Openly gay Rep. Jared Polis (D-CO) was honored by the Los Angeles-based Stonewall Democratic Club on Sunday. Before he accepted his Elected Official of the Year Award and left to visit his family in the San Diego area, I got a chance to ask him a few questions about the Employment Non-Discrimination Act, Don’t Ask, Don’t Tell and the fixes to the healthcare reform bill.
Polis said that an inclusive ENDA is expected to come up for a vote on the House floor in the next few weeks where it will pass by a substantial margin. The problem, he said, is the US Senate. He also said he expects President Obama will use the bully pulpit to bring ENDA to his desk.

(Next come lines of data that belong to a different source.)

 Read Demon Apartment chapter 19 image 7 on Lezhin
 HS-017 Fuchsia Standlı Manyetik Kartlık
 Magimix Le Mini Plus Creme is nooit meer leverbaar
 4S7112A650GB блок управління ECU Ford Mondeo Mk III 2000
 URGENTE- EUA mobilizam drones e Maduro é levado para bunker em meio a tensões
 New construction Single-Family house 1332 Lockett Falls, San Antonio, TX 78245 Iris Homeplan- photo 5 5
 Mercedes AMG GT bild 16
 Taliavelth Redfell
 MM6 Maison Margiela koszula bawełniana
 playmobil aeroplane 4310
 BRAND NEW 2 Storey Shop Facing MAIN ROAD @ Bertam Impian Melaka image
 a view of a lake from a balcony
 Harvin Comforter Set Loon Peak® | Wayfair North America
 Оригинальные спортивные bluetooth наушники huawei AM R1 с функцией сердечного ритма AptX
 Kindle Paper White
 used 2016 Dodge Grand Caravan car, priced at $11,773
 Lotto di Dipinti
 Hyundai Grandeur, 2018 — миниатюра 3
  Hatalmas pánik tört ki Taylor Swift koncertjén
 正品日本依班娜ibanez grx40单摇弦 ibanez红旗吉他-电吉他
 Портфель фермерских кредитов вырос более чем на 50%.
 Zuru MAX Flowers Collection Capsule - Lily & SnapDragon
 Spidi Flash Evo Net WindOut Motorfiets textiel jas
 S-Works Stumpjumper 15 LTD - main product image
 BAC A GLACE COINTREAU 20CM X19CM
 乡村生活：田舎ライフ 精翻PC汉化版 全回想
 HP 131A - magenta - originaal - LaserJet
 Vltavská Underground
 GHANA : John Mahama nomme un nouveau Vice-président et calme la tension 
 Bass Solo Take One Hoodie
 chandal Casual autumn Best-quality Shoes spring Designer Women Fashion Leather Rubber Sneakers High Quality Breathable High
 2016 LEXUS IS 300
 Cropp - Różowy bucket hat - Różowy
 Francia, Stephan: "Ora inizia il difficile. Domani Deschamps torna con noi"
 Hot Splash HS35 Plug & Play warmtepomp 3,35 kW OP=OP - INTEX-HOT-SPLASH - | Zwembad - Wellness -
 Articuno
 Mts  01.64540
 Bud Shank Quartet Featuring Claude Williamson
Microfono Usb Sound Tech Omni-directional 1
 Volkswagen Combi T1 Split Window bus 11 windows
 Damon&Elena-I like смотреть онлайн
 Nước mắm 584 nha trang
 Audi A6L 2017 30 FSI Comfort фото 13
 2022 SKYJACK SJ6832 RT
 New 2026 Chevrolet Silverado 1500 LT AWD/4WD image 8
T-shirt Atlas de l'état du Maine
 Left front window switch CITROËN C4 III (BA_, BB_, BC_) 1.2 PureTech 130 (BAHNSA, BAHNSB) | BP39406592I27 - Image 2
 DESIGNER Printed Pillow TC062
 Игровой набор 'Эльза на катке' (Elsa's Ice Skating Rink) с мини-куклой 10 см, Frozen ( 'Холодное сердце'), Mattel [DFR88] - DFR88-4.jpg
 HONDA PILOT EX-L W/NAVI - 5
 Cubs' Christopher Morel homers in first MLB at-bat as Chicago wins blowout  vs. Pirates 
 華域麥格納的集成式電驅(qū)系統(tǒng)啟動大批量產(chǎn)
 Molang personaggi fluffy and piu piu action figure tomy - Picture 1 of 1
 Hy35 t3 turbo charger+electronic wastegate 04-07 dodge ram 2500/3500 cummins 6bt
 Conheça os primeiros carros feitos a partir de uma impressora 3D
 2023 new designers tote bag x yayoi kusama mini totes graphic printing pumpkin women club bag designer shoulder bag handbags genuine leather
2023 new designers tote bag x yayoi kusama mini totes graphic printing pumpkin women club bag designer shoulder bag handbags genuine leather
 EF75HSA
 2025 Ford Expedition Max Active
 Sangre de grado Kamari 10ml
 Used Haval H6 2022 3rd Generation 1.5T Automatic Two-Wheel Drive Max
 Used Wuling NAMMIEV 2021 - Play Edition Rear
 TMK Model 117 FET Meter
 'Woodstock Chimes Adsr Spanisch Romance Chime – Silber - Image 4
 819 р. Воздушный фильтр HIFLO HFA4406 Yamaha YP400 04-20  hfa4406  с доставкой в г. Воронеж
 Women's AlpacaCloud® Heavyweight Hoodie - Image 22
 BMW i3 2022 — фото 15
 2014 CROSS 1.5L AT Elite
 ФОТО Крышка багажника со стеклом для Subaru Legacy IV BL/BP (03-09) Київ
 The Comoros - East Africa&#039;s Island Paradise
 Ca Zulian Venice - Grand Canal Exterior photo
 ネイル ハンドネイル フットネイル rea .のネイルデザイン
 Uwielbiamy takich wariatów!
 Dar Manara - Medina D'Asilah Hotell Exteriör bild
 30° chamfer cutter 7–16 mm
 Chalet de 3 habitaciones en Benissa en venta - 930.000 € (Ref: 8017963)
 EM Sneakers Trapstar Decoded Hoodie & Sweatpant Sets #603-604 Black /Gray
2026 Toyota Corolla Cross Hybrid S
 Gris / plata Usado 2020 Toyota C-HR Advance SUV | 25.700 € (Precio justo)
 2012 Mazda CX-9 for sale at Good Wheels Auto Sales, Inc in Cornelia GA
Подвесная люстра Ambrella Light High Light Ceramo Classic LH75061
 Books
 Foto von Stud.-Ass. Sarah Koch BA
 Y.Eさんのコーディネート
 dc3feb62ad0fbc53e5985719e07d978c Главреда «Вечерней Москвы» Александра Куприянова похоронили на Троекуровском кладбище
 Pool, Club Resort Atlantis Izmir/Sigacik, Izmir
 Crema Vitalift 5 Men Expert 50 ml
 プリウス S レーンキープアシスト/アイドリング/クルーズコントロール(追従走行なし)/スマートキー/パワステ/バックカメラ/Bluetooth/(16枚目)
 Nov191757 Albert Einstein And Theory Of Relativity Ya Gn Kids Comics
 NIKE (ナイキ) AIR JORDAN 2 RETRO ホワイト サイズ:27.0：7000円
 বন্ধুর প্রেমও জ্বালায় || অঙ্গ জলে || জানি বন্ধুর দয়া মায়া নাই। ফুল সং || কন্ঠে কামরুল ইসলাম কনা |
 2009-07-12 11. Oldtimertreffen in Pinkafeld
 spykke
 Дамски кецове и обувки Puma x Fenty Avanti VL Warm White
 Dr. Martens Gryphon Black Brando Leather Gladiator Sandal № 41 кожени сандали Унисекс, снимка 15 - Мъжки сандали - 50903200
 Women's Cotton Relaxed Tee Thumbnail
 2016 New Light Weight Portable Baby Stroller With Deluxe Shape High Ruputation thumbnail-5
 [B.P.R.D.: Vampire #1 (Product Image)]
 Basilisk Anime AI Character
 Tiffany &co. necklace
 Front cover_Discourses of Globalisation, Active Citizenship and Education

(I’ll have more from the Stonewall Democratic Club event later – including Clever Jones’ fiery speech and ally Christine Pelosi’s optimism.)
KO: Where are we on ENDA?
JP: We have the votes to pass ENDA in the House and we hope to bring it before the committee I serve on – the Education Labor Committee – within the month – by the end of April. And then, once it passes the committee, it shouldn’t take more than a couple of weeks – a week or two – to schedule it for the floor. It’s just a scheduling matter.
We think we would have passed it by now if it wasn’t for healthcare taking up much of the workload of our committee.
I don’t know about the Senate – but in the House, we expect to pass out substantially. It has substantial support. The Senate requires 60 votes so it’s a matter of getting some Republican moderates to support it.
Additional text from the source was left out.